_Data to process_.
((

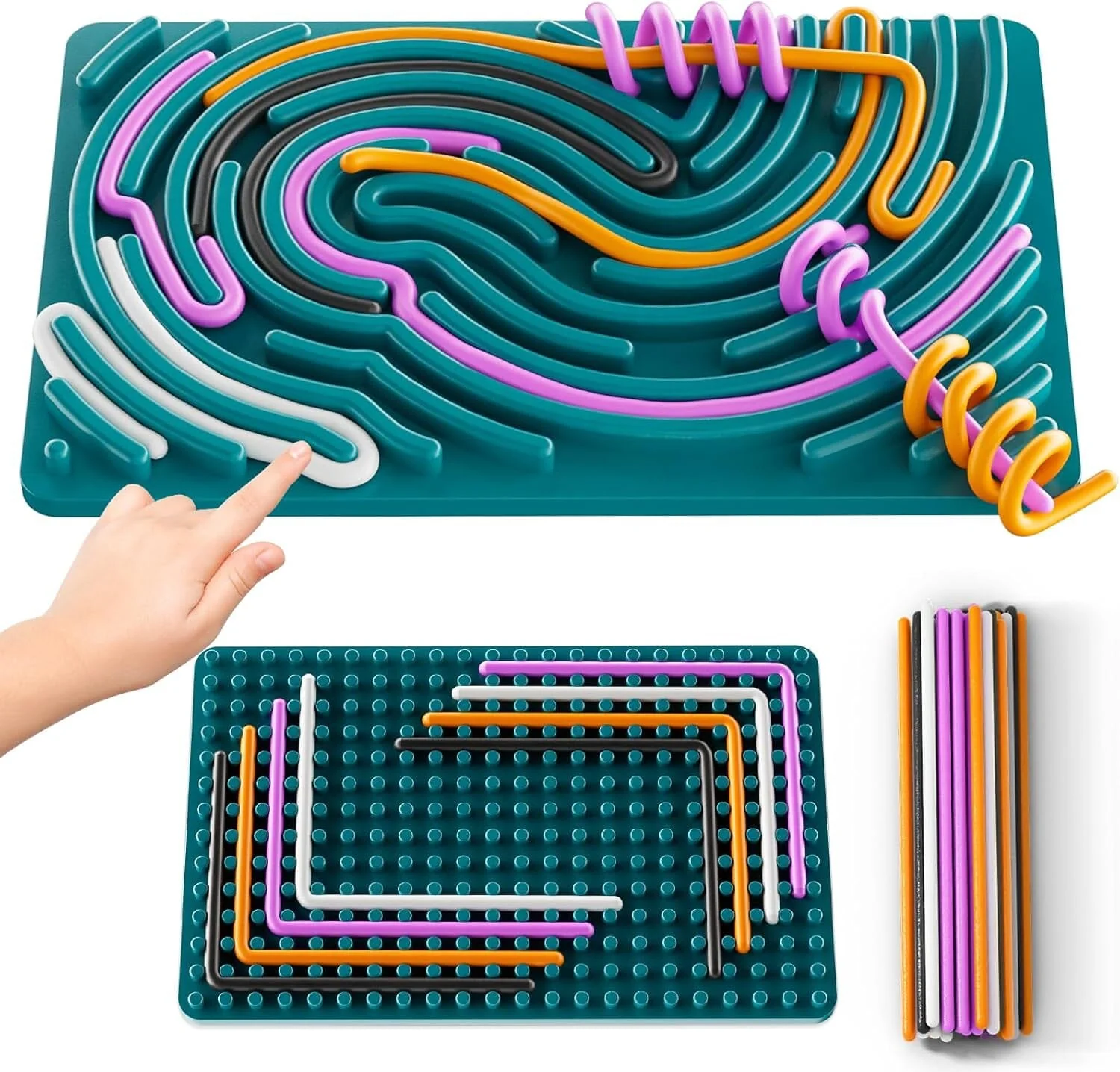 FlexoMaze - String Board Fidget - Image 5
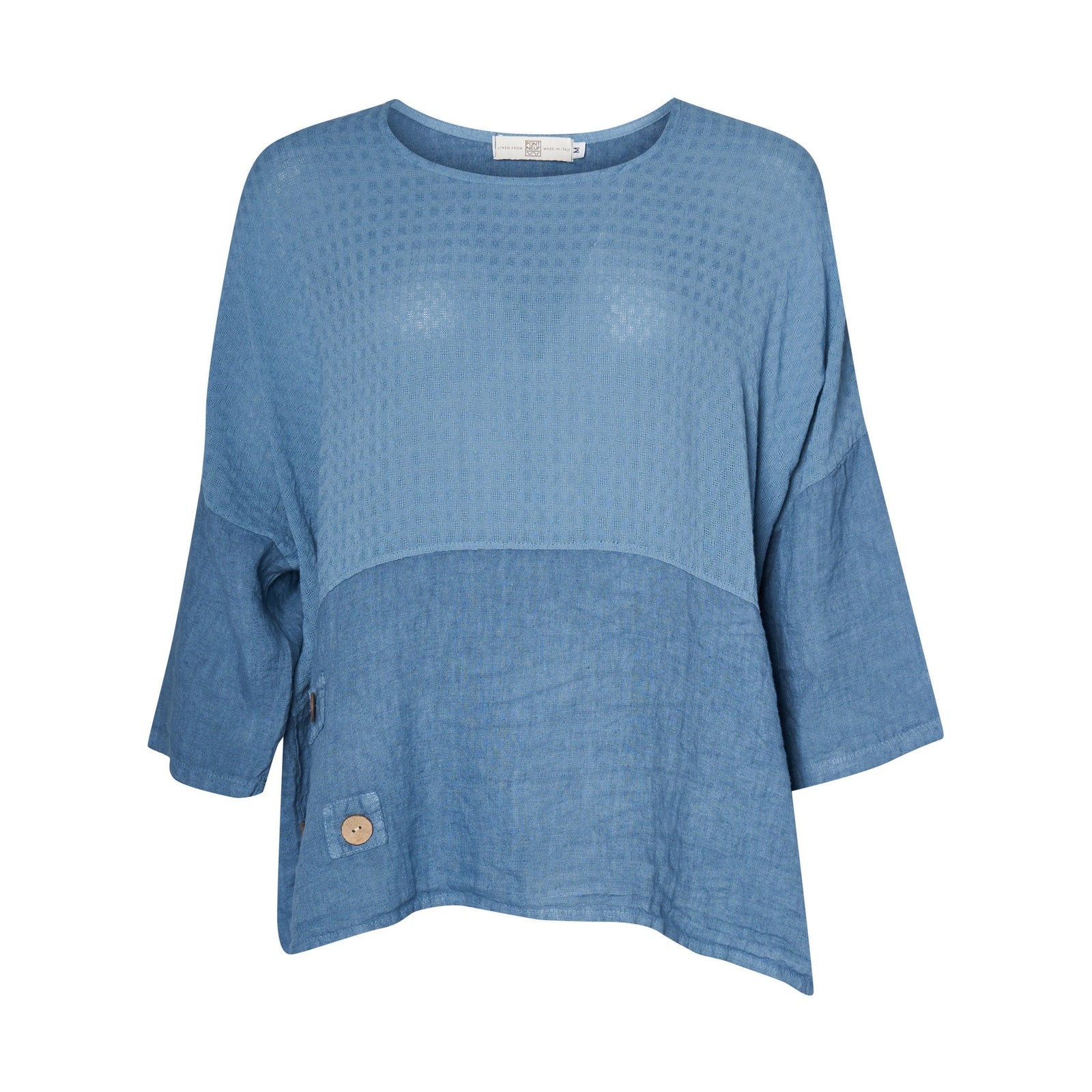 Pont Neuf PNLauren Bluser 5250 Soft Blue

))
((

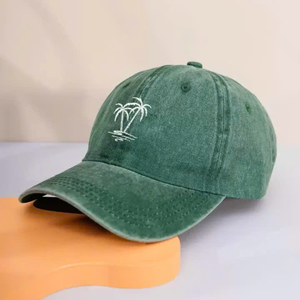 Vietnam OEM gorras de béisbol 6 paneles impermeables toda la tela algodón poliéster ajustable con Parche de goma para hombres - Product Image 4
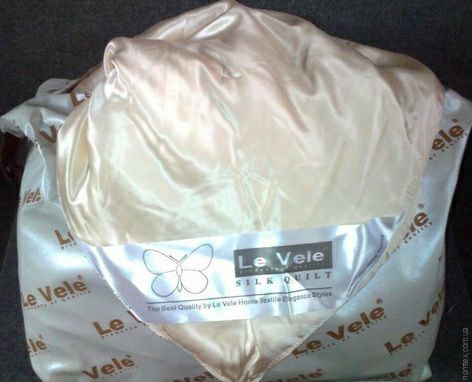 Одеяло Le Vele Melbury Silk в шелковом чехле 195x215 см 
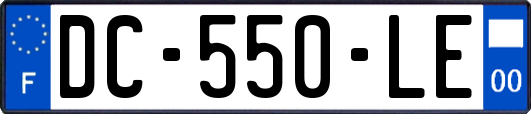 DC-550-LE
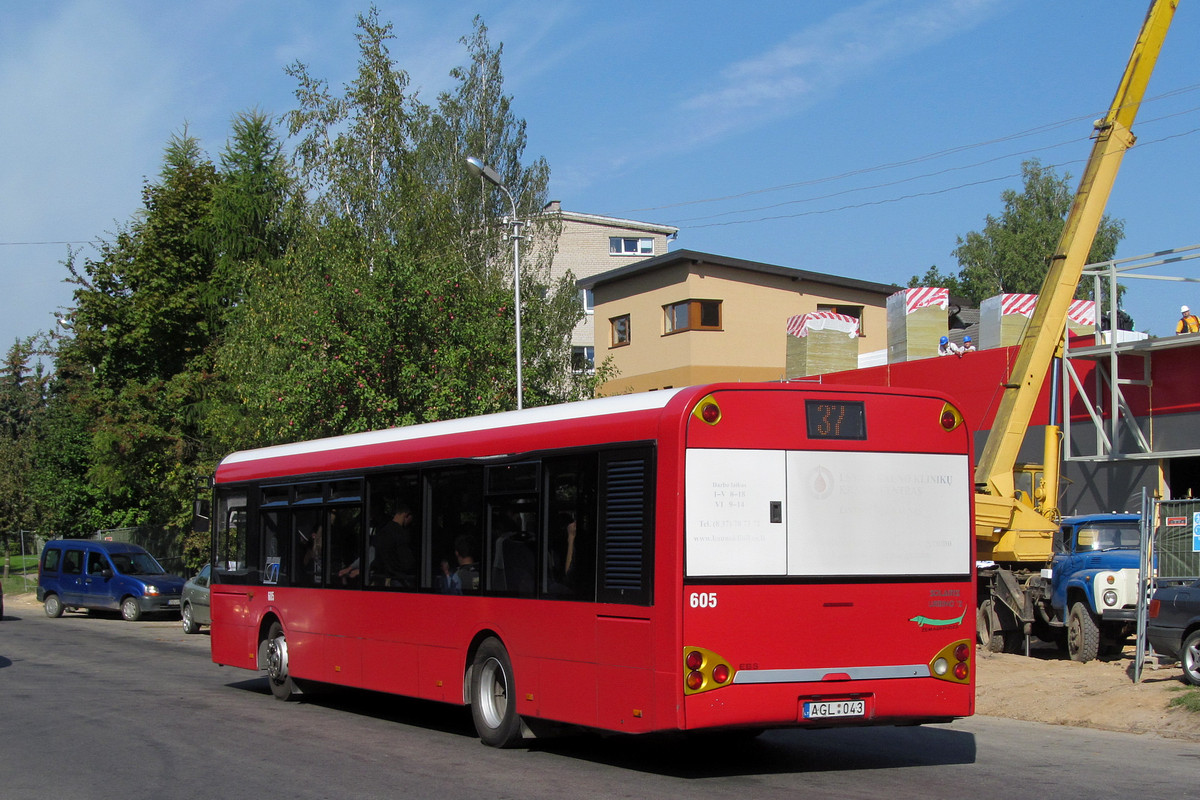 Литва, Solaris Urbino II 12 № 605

))
((

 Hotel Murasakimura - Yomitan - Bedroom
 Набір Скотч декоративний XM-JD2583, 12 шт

))

_Work to complete_. Would you copy out, exactly and with no pictures, only the lines above from the one that contains "Одеяло Le Vele" through the one that contains "Литва, Solaris Urbino II 12 № 605"?

_Result for this task_.
 Одеяло Le Vele Melbury Silk в шелковом чехле 195x215 см 
 DC-550-LE
 Литва, Solaris Urbino II 12 № 605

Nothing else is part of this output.